The perfect Kiwi is missing from our Blog as we weren't able to attend an All Black rugby match!


Tuesday, April 29, 2008

April 26 – Piha Bay


We got only 10 minutes in which to take these photos – but what a beach and spot – could have spent days there just listening to the waves and watching the Clouds , Sun, winds changing views colours and landscapes. Magic!!












April 25 – the Coromandel Peninsular


Not so prolific – we are perhaps becoming blasé, but most of the landscape could be anywhere. Only when we crossed the Coromandel range did we get the super views of the bays, little islands and rolling hills.

Lots of logging going on but in some parts also replanting – not enough though considering the scarring of the country side.

Sunday, April 27, 2008

April 24 – Auckland


Capital made up of/surrounded by more or less quaint “villages” like Parnell, Devonport, Newmarket etc. Beautiful views at night as the harbour is surrounded by lit up buildings. Very deep harbour – we saw a huge cruise ship anchor right in the centre of town, next to the ferry terminal. Shops shut very early, so do restaurants.




Sabine - We were lucky in our choice of B&B as we met Jean who had come down from the North to help her friend Maureen at running the B&B (thank God we brought our own soap!). Wonderful family atmosphere – got to met Jean’s kids as well. Got treated to home cooked dinners which made a wonderful change from the restaurant fare. We are sure we’ll stay in touch .....

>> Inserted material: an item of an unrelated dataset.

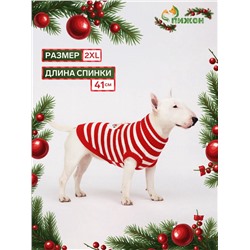 Свитер для собак «Санта», размер 2XL (ДС 41, ОШ 41, ОГ 36-60 см)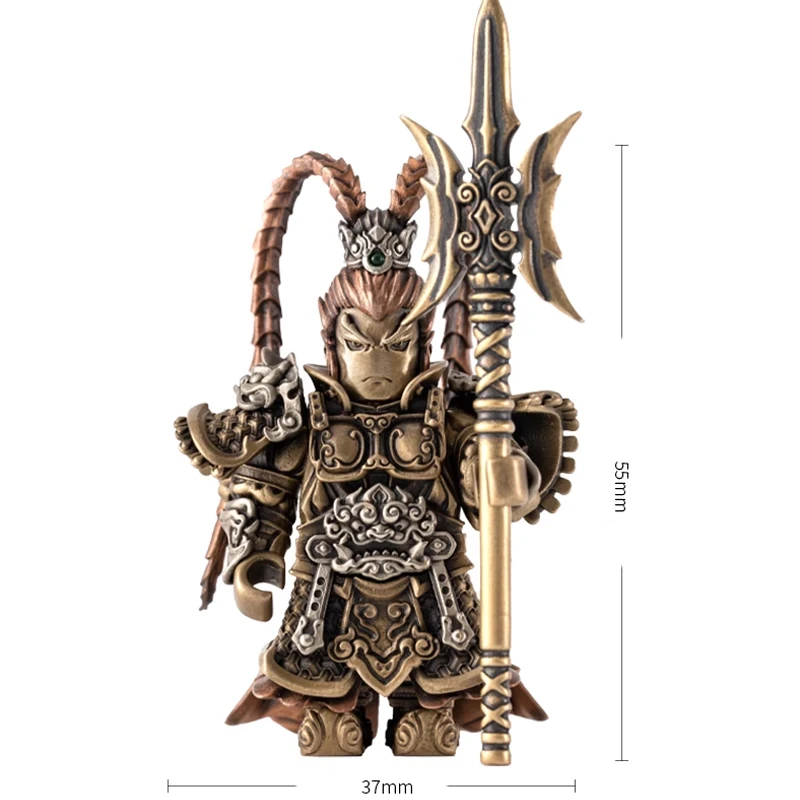 شخصيات ممالك ثلاثية إبداعية مصنوعة يدويًا لسطح المكتب أدوات معدنية EDC محمولة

April 23 returning towards Auckland across the northern peninsular


We now realise that the Eastern shoreline facing the Tasmanian Sea is more violently hammered by the waves and a greater risk to Ships. Sensible Captain Cook who landed on the Pacific Coast – the western shores!


Traffic jam????


Dog poo collection bin!

We saw spectacular sand dunes at Omapere, small villages and towns along the coastline but surprisingly little tourism in most places in terms of accommodation, restaurants etc. In general surprising little economic activity in these towns – what do people live on?